Sullivan, who made national news in 2009 as potentially the first gay U.S. Supreme Court nominee, compared constitutional law to a “rudder” in guiding court rulings that should not be depicted as too rigid.
At her speech at the LSU Law Center, Sullivan focused on two recent free-speech cases: Citizens United v. Federal Election Commission and Christian Legal Society v. Martinez, when the “so-called liberal” justices were the ones who went against free speech.
“These apparent inconsistencies illustrate constitutional law really is law,” said Sullivan, a partner at the Quinn Emanuel Urquhart & Sullivan law firm in New York.
She gave the public lecture — “Is Constitutional Law Law? Recent Trends in Free Speech and Federalism” — at LSU as part of the Judge Alvin B. & Janice G. Rubin Visiting Professor of Law Program.
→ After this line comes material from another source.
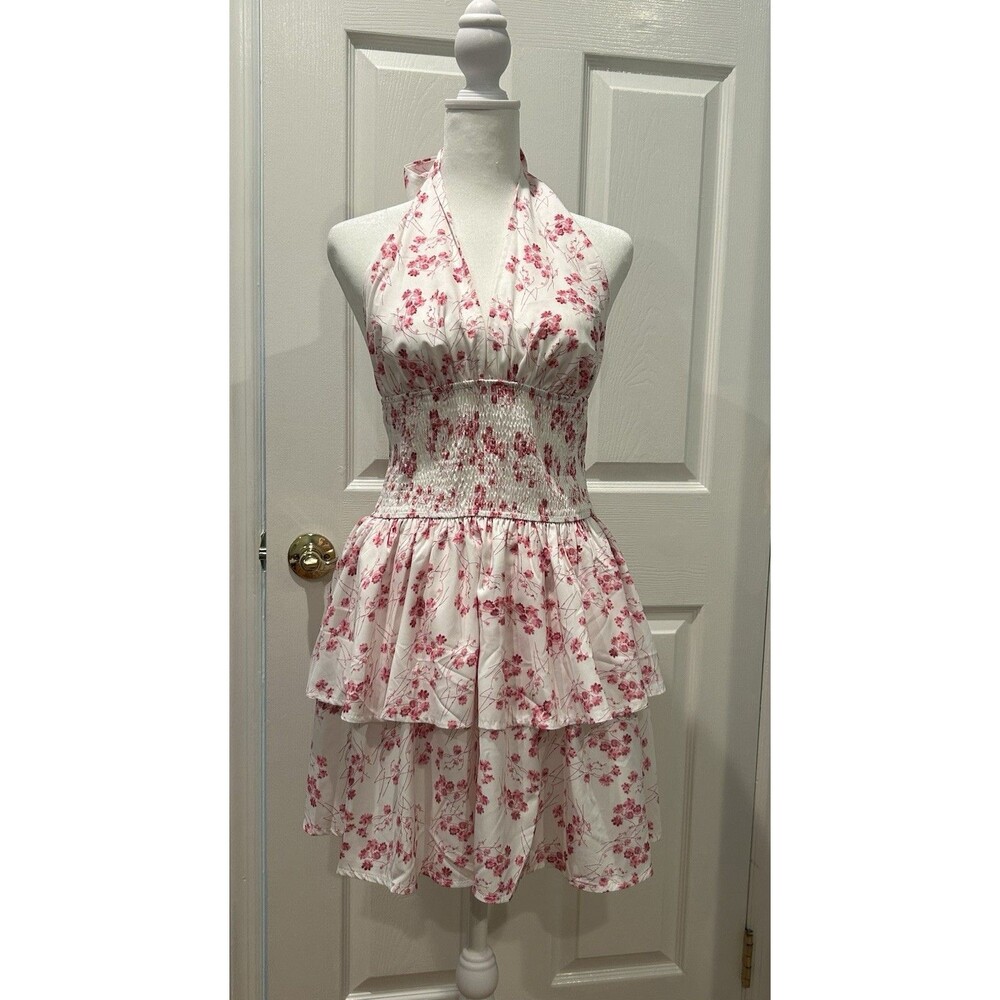 SHEIN Pink Floral Print Halter Dress Size S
Sullivan called it “terribly” wrong when the media and others assume the justices will fall on narrow 5-4 rulings just because of their political leanings.
“Of course, politics can play a role,” she said, especially in the Supreme Court selection process.
But, she argued, the quality of the justices and their life tenure prevent politics from deciding everything.
“It looks political for a nanosecond and, in the long run, it works out OK,” she said.
Essentially, Sullivan said, the “conservative” justices ruled in favor of free speech, even if the free speech supported corporations.
Likewise, in the Christian Legal Society case, the U.S. Supreme Court went 5-4 — this time with the “liberals” and Justice Anthony M. Kennedy in the majority — against free speech, she said.
In some cases, Sullivan said, conservative or liberal justices may interpret that the need for “liberty” and “justice” outweighs freedom of speech.
The same issues can apply with supposedly partisan issues of federalism and states’ rights, she said, again referencing the rudder.
“It’s kind of a mistake to wake up and say, ‘I am always for states’ rights,’ ” she said.
Sometimes, “liberals” back civil litigation rights over federalism, she said.
It is not a time to “despair” or a “gotcha” moment, Sullivan said, when one decides, “Oh no, I was for states’ rights until I was against them.”
Instead, “It’s a moment to celebrate,” she said, because every case can be a little different.